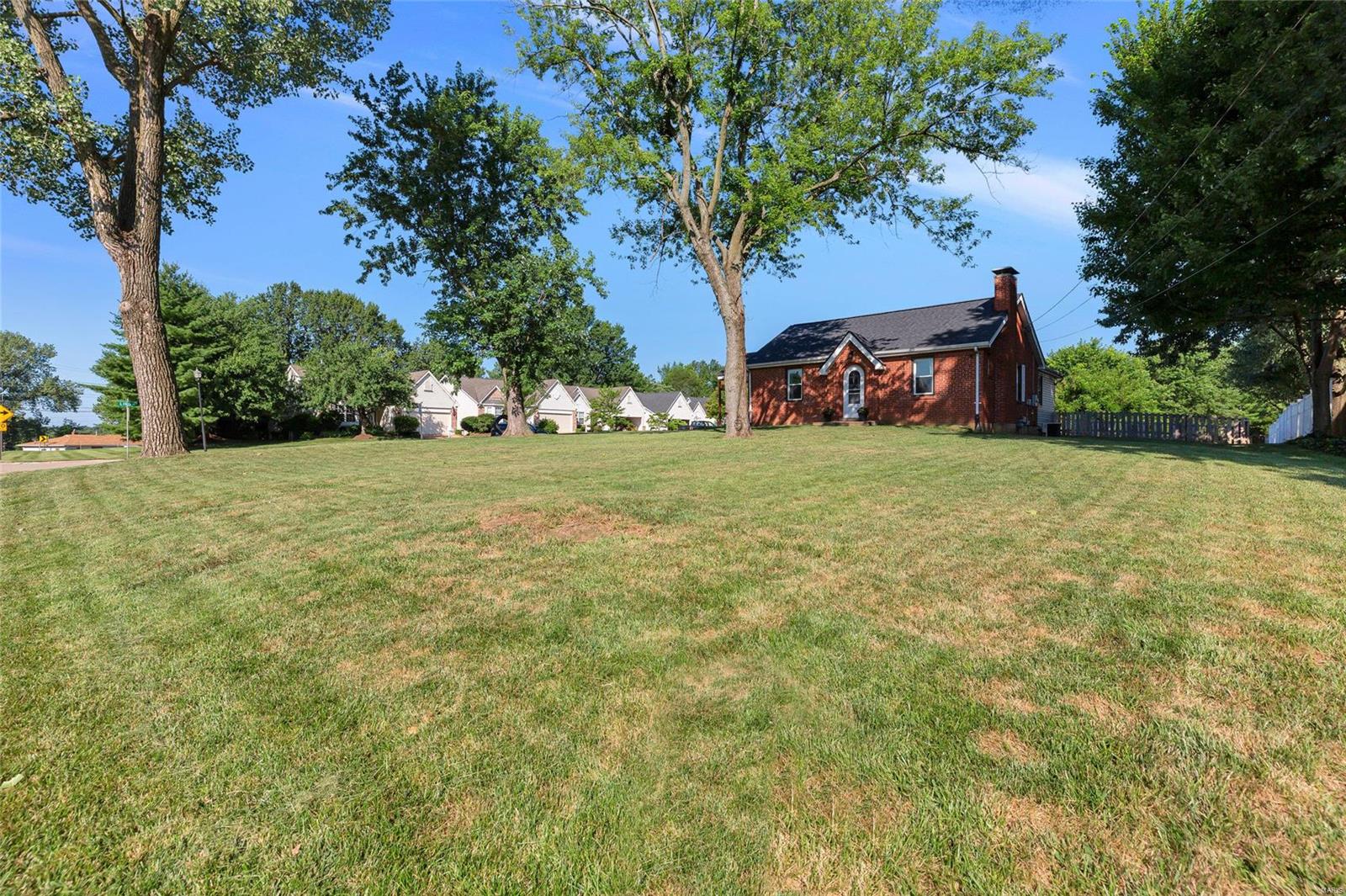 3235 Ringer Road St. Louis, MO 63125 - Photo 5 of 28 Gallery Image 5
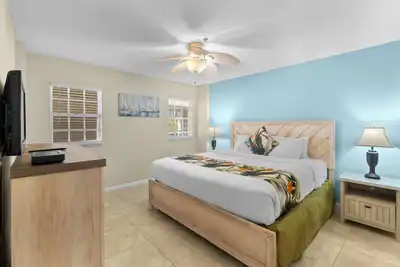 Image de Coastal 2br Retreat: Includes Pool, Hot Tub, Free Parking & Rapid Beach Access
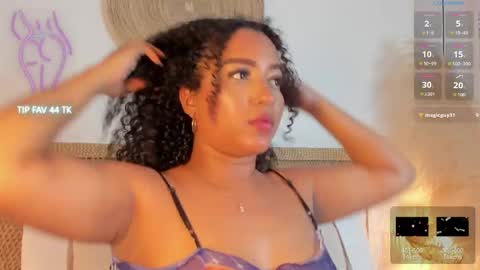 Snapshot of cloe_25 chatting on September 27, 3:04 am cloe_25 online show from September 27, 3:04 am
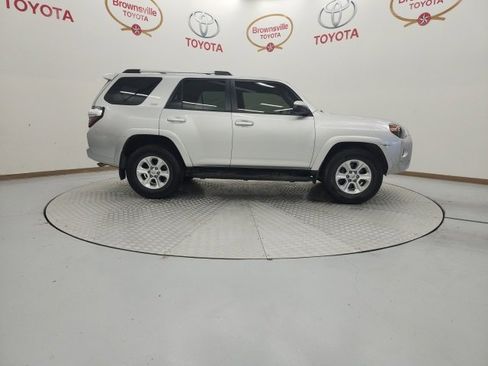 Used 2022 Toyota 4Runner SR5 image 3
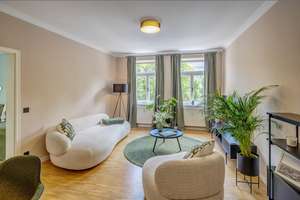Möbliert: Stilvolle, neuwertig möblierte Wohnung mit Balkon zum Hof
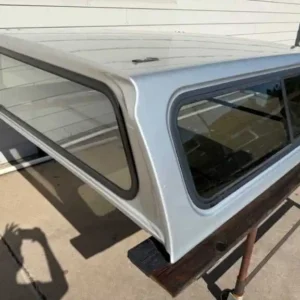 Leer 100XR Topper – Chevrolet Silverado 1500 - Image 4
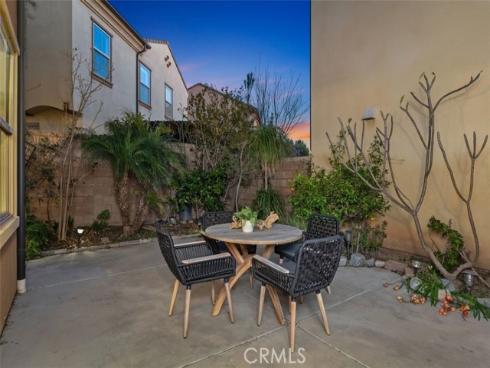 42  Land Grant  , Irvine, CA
==
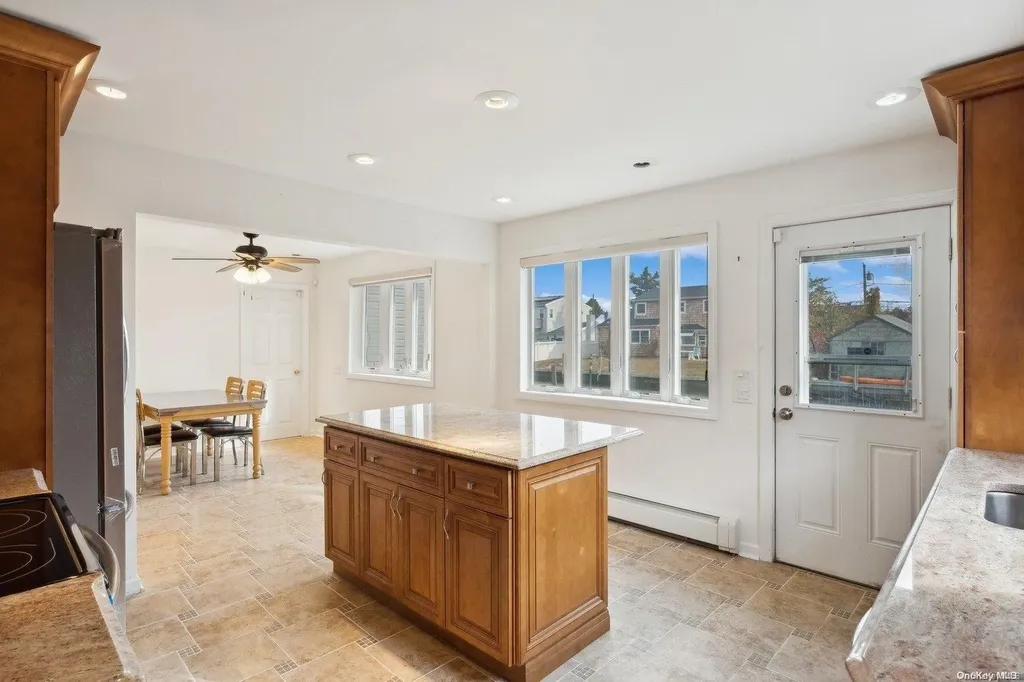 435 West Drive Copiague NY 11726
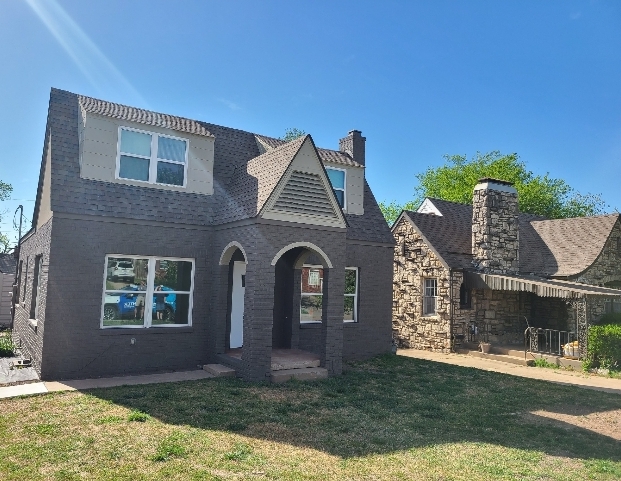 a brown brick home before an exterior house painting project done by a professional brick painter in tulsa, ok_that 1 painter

WHAT TO DO | To complete this exercise, transcribe exactly the lines above from the one that holds "435 West Drive Copiague NY 11726" through the one that holds "a brown brick". Pictures stay out.

YOUR RESPONSE |
 435 West Drive Copiague NY 11726
 a brown brick home before an exterior house painting project done by a professional brick painter in tulsa, ok_that 1 painter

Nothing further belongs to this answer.